Lead investigator: Dr Yinyin Yuan, The Institute of Cancer Research
Funded by The Little Princess Trust and administered by CCLG
Awarded January 2019
Award: £98,292.50
Rhabdomyosarcomas are rare cancers but a major cause of death from cancer in children. Looking at cancer cells down a microscope is traditionally used for diagnoses and contributes to deciding treatment. Molecular data is starting to augment this process. However, many biological features are not currently objectively assessed that are likely to impact on the clinical course of rhabdomyosarcoma including:
- Resemblance of rhabdomyosarcoma cancer cells to different stages of muscle cell development.
- The mixture of normal cells with cancer cells, such as cells from the immune system.
- The abnormal microenvironment that develops inside cancers (e.g. lack of oxygen that can inhibit response to therapies).
Our proposal takes microscopic analyses of rhabdomyosarcomas to a new level to quantitativey assess how these features alone and in combination impact on clinical behaviour. We will:
- Develop a tailored state-of-the-art digital mapping approach using artificial intelligence to characterise biological features of cells in a large number of rhabdomyosarcoma samples taken from well-characterised patients before their treatment on previous clinical trials.
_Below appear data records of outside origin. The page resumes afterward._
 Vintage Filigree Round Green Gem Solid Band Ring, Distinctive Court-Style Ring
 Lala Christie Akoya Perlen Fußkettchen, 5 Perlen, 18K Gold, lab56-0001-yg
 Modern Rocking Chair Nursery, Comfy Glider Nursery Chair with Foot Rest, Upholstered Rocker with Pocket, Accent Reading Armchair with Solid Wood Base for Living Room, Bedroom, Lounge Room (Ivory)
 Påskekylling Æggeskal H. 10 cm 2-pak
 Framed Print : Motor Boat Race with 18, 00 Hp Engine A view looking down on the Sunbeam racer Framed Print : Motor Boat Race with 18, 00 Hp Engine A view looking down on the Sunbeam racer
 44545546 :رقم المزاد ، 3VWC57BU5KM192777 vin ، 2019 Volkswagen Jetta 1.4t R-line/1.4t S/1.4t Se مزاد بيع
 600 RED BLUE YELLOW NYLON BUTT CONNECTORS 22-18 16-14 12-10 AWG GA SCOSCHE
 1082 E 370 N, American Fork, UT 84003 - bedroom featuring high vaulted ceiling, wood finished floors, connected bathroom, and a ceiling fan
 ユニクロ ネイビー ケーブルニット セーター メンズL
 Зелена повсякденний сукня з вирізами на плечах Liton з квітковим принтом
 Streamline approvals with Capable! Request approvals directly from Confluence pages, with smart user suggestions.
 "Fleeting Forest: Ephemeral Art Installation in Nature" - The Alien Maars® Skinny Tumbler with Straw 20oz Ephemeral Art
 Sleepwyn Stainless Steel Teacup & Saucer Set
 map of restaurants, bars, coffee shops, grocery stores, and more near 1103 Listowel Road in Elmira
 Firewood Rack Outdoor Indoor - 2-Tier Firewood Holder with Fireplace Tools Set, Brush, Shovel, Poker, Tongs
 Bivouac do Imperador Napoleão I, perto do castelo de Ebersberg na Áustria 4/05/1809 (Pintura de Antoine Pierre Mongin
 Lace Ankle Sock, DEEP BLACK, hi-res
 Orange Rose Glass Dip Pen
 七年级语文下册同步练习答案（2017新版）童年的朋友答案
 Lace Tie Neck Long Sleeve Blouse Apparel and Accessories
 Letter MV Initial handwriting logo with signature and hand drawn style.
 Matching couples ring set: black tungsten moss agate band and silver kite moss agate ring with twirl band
- Identify correlations between the defined features and clinical data to determine factors that predict clinical behaviour and outcome.
- Compare the digital image mapping results in patients with those in experimental 3D models we have developed that show a range of features related to stages of muscle development and different levels of oxygen. This may link results from patients to the models that will support use of the models to develop new treatment strategies based on targeting the clinically relevant molecular/cellular features we define.
This approach will comprehensively determine the cellular architecture of rhabdomyosarcomas. Key features correlated with disease progression are expected to predict patients that will benefit from new therapeutic strategies through our close links with a new international clinical trial for rhabdomyosarcoma patients.